Short Track, by Jake Mendel
April 5th, 2010Short Track, by Jake Mendel (powerHouse Books, 2009)
Essay by Darius Himes
ISBN 978-1-57687-510-0
9.25 x 12.25 inches, Hardcover, 112 pages, 75 duotone illustrations
Excerpt from the essay “Dangerous Speed” by Darius Himes:
I first learned how to drive stick on the family riding lawnmower, of all things. It was an early-80s John Deere model that my father purchased with a healthy employee discount, and which came equipped with a clutch and 3-speed transmission. It wasn’t clear to me then how important knowledge of a manual transmission would be for my adult life. What was clear at the moment was that in the right patch of loose gravel in the alley separating our garage and the back 1/2 acre, you could actually make that thing peel out and leave a tiny puff of dust. The fact that it would assist in mowing the expansive lawn that my little brother and I were in charge of really only dawned on me later.
At top speed, the lawnmower could hit about 8 mph. This was a major disappointment for a 12 year old, to be sure. For years already I had been studying the various dune buggies and three wheelers available in the back of the oversize Montgomery Ward’s catalog that would arrive twice a year at our home in rural Iowa. I already knew, deep in my heart, that I wanted a motorized vehicle with potential for excessive speed. The lawnmower was definitely not it. But it was a step in the right direction.

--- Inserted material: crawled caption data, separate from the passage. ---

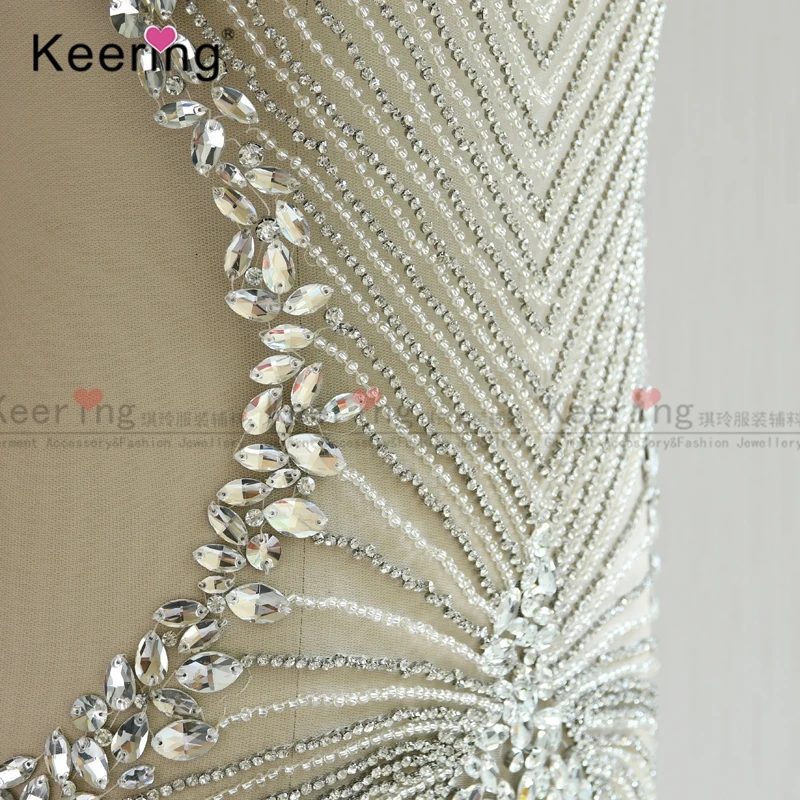Очень красивые блестящие павлин-shape форме, благодаря чему создается ощущение невесомости с большой блестящий Стекло камень свадьбное платье со стразами аппликацией WDP-151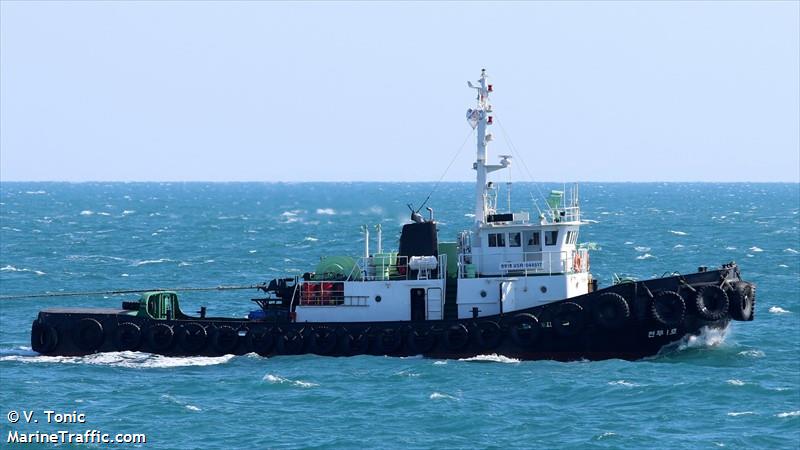 chun bu 1 ho (Tug) - IMO , MMSI 440007770, Call Sign 044517 under the flag of Korea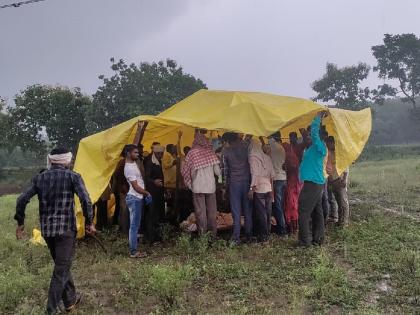 The cremation had to be covered with plastic; Scary situation as there is no crematorium in village | Video: ताडपत्री झाकून करावे लागले अंत्यसंस्कार; स्मशानभूमी नसल्याने भयावह स्थिती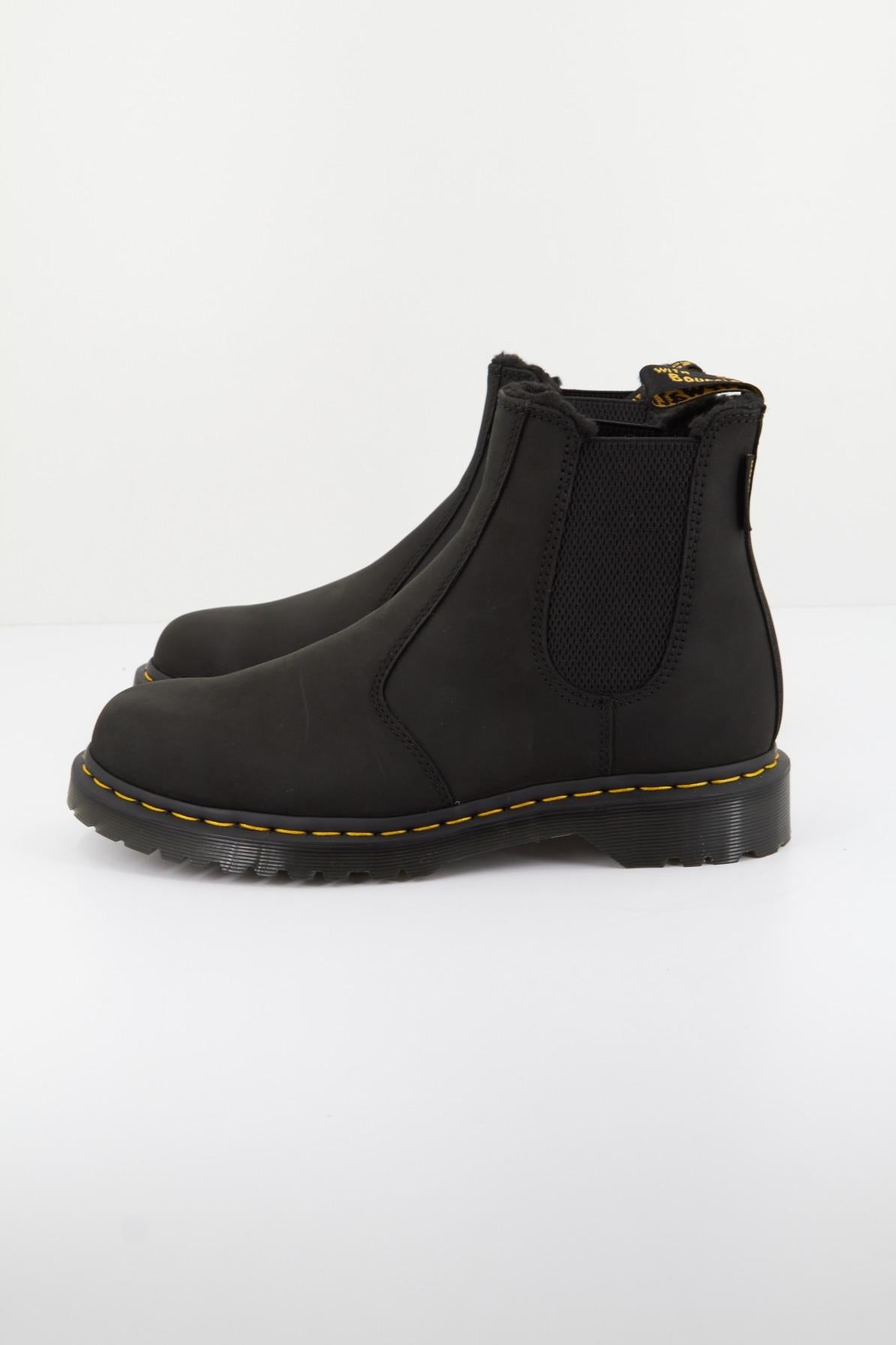 DR. MARTENS ARCHIVE PULL UP en color NEGRO (1)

My first conscious awakening to the thrill and allure of dangerous speed came years earlier while perched on the middle hump of the back bench seat of my father’s 1966 Ford Mustang. My dad, in truth, is no “car guy” but on open stretches of country road, where visibility is high and your foot is connected to the gas pedal of a hunk of barely-sweating-at-60-mph American steel and ingenuity, what guy (or gal) doesn’t become a “car guy”?